Sekolah Steril dari Pedagang

Sekolah Steril dari Pedagang
LINDUNGI SISWA: Para siswa di SDN 1 Kepandean didampingi pihak sekolah menerima masker yang dibagikan Sat Binmas Polres Indramayu, akhir pekan kemarin. ANANG SYAHRONI/ RADAR INDRAMAYU
0 Komentar

 
INDRAMAYU- Selama pelaksanaan pembelajaran tatap muka (PTM) terbatas, SDN 1 Kepandean membuat kebijakan khusus. Salah satunya tidak memperbolehkan pedagang untuk berjualan di sekitar lingkungan sekolah.
Demikian dikatakan Kepala UPTD SDN 1 Kepandean Ida Faridah SPdSD MPd kepada wartawan koran ini, akhir pekan kemarin.

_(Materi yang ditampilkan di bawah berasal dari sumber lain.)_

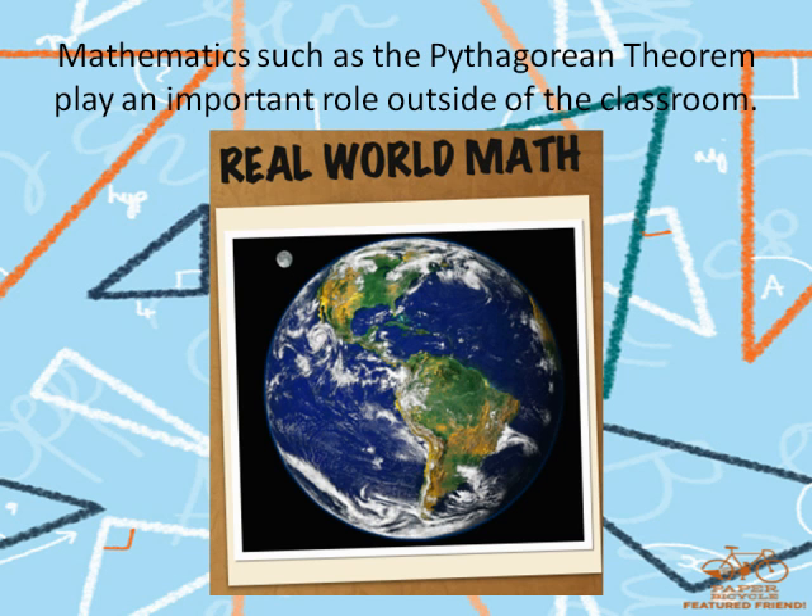Countless other applications of the Pythagorean Theorem exist in our everyday world. Some are obvious, as with the television set, while others are not as noticeable, but extremely useful in solving problems that extend far beyond the four walls of a classroom. From these applications, it is easy to see that the Pythagorean Theorem can be applied many different ways and in hundreds of different areas. Clearly, mathematics serves a greater purpose than providing exercises in the classroom and plays an important role in our everyday lives.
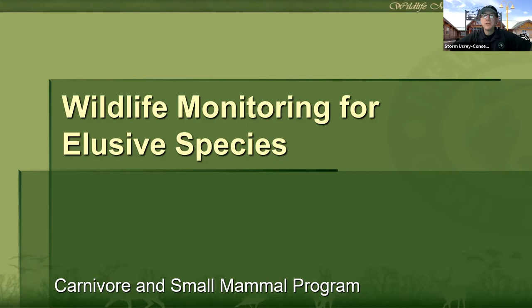Hello, everybody. I'm Storm Ushery, Conservation Education Manager with the New Mexico Department of Game and Fish. On today's presentation, we've got Nick Foreman. He is our Carnivore and Small Mammal Program Manager, and he's going to be talking to us about wildlife monitoring for elusive species. So with that, I will let Nick take off with it.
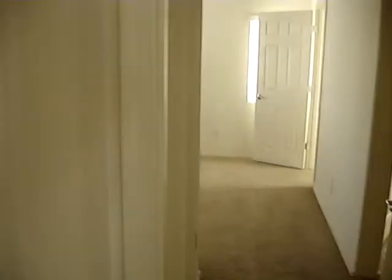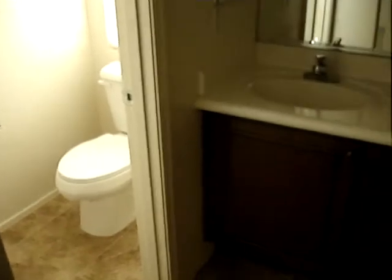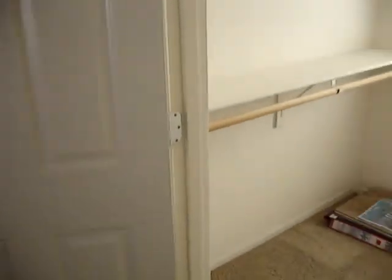As we continue down the hallway, we approach the second bedroom. Moving forward, we come to the enormous master bedroom, featuring double sinks, a garden tub, and shower doors. The master bedroom is a very good size. As we proceed forward, we can see a nice walk-in closet with a window for all that natural light.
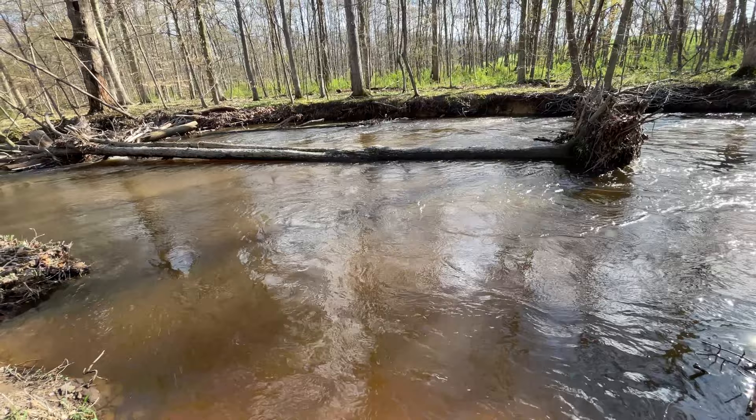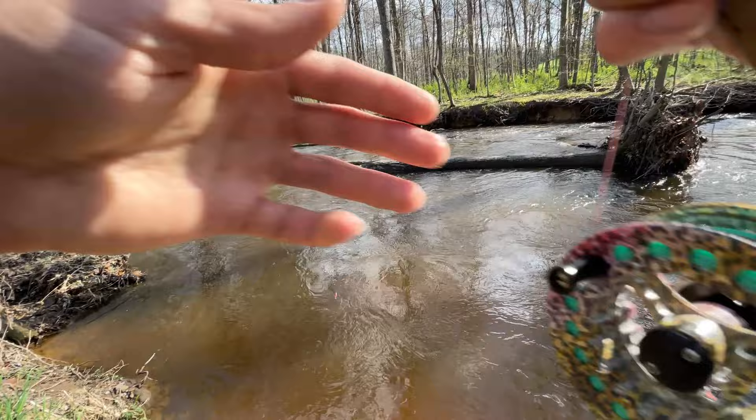We're fishing this chocolate milk right here — I didn't have my camera on because it doesn't look too promising, but I just had a giant rainbow trout on. See if we can get them again.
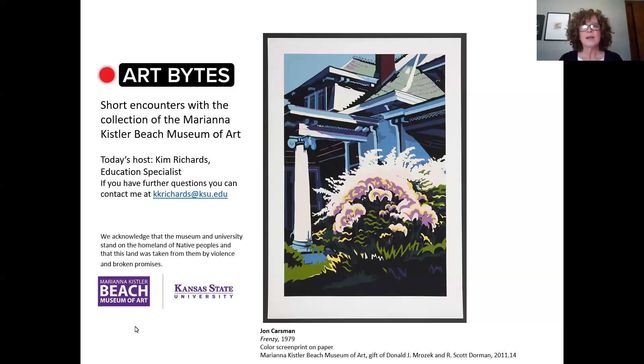Hello and welcome to Art Fights from the Berry and Kister Beach Museum of Art. My name is Kim Richards. I'm an education specialist with the museum. And today we're going to look at this screen print by John Karsman. First, I'd like to get your initial impressions of this piece. What words come to mind as you look at it?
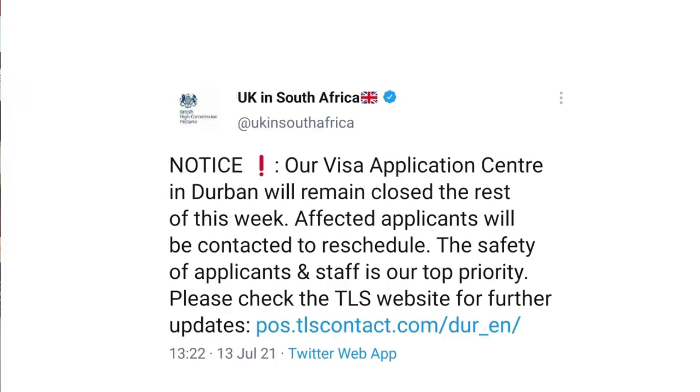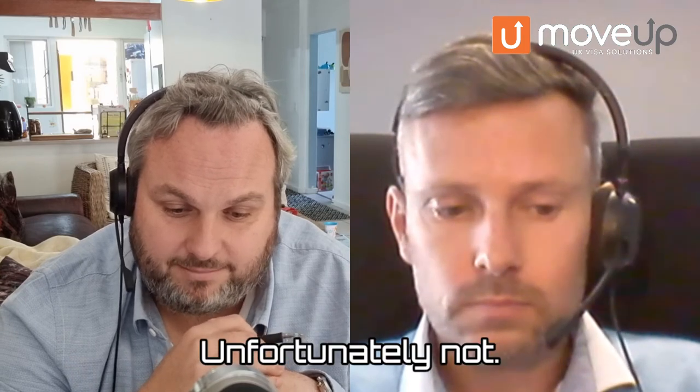At this stage, there are a lot of uncertainties in South Africa's economy and the stability of the country — a lot of unrest. But South Africans can still consider applying for visas and the British government are very much open. Although on Monday we found out that the Durban application center was no longer able to accept applications, and Pretoria also confirmed what we've witnessed in terms of clients wanting to submit. But we've since got clients lined up for Wednesday, and it looks like they are pretty much ready to continue accepting applications.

Menurut Ida, pencegahan penyebaran virus corona atau Covid-19, menjadi priotitas program sekolah selama pelaksanaan PTM terbatas (PTMT) yang telah berlangsung selama dua pekan.

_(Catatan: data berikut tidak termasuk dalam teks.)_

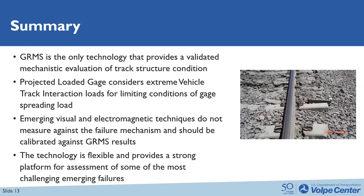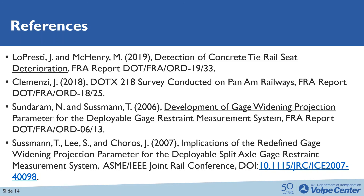GRMS technology is flexible — the applied loads can be adjusted — and it has a strong platform for measurement of some of the most challenging emerging failures that occur under critical lateral and vertical load combinations under deteriorated vehicles or extreme operating conditions. While the GRMS was developed over 30 years ago, the technology is just as relevant and the failure modes are just as critical as they ever have been. Thank you for your time. In this slide we have a few references to some of the research that was alluded to throughout the presentation.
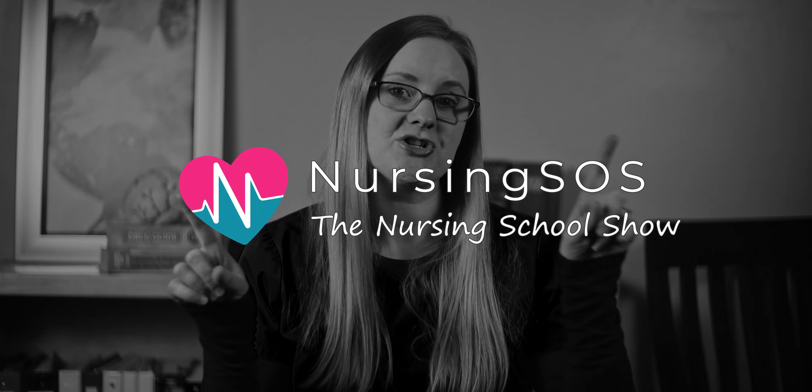In this video, we are diving into epilepsy, the signs and symptoms of it, and how you would care for a patient with epilepsy as their nurse. We're going to break it down into simple steps so that you can finally understand what's really going on in a patient with epilepsy.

Sehingga, pihaknya memastikan tidak ada pedagang yang berjualan di sekitar sekolah untuk mencegah kerumunan yang akhirnya meminimalisir penyebaran Covid-19.
“Aturan ini berlaku baik bagi pedagang dari luar, dan pemilik kantin sekolah. Kami masih belum memperbolehkan berjualan, lingkungan sekolah steril dari pedagang,” jelasnya.

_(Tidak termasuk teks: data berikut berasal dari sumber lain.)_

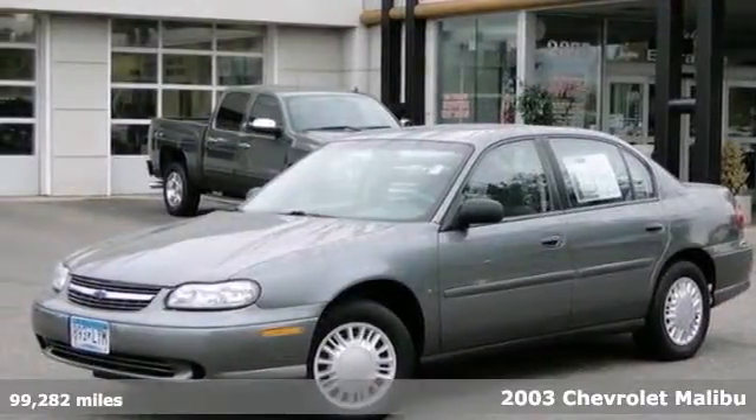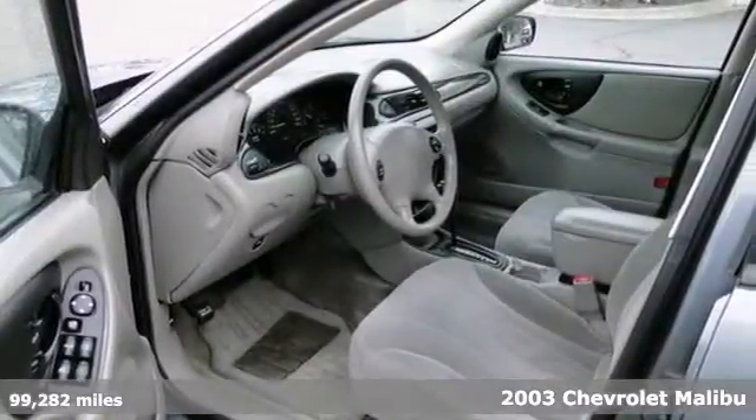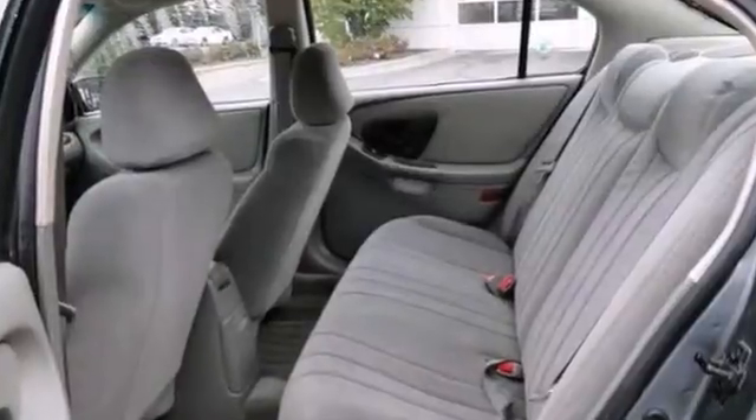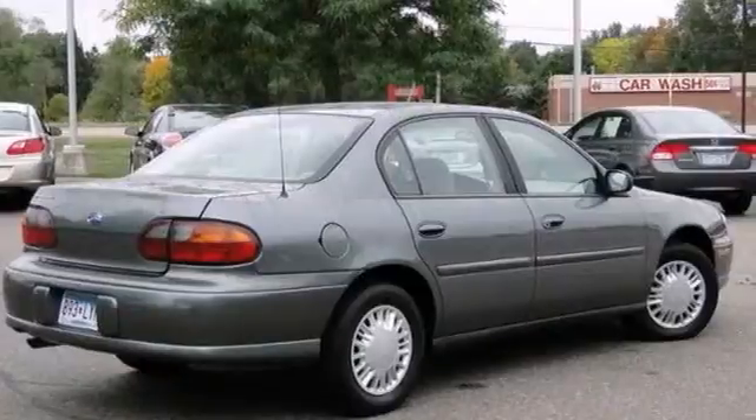We feature 100% inspected vehicles like this 2003 Chevrolet Malibu. It features a CD player, keyless entry and cruise control. The daytime running lights and air conditioning make this vehicle hard to pass up. Come in and take a look for yourself.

Sebagai gantinya, lanjut Ida, pihaknya meminta orang tua siswa untuk  membawa bekal makanan dari rumah. “Karena tidak ada pedagang, kita mewajibkan siswa untuk membawa bekal makanan dari rumah,” ujarnya.
Lebih lanjut, dikatakan Ida, aturan khusus itu dibuat agar pelaksanaan PTMT berjalan dengan aman, nyaman, dan terhindar dari risiko penyebaran Covid-19.
“Kami tidak ingin PTM terbatas ini jadi kluster baru penyebaran corona. Sehingga sekolah betul-betul  menjada dan melindungi siswa siswinya dengan menerapkan protokol kesehatan secara ketat di sekolah,” bebernya.
Untuk memberikan pemahanan terkait virus coronan dan pencegahannya, lanjtu Ida, pihak sekolah juga menyelenggarakan kegiatan edukasi pencegahan covid-19 bagi siswa dan siswa dengan menggandeng Binmas Polres Indramayu. Harapannya, kata Ida, semua siswa memahami pentingnya menjaga kesehatan di masa pandemi dan pentingnya penerapan protokol kesehatan terutama memakai masker.
“Tidak lupa kami selalu memberikan imbauan kepada orang tua siswa agar ikut serta menjaga anak-anaknya, kemudian bagi siswa yang sedang sakit kami imbau kepada orang tua jangan memaksakan berangkat ke sekolah dulu. Pada intinya kita sama-sama menjaga kesehatan agar terhindar dari serangan virus corona,” tandanya.
Dijelaskan Ida, selain melangkapi semua srana dan prasaran yang terkait pencegahan Covid-19, pihak sekolah juga telah membagi peserta didiknya mengikuti pembelajaran kedalam dua shift, dengan jumlah siswa setiap kelasnya 50 persen dari jumlah siswa.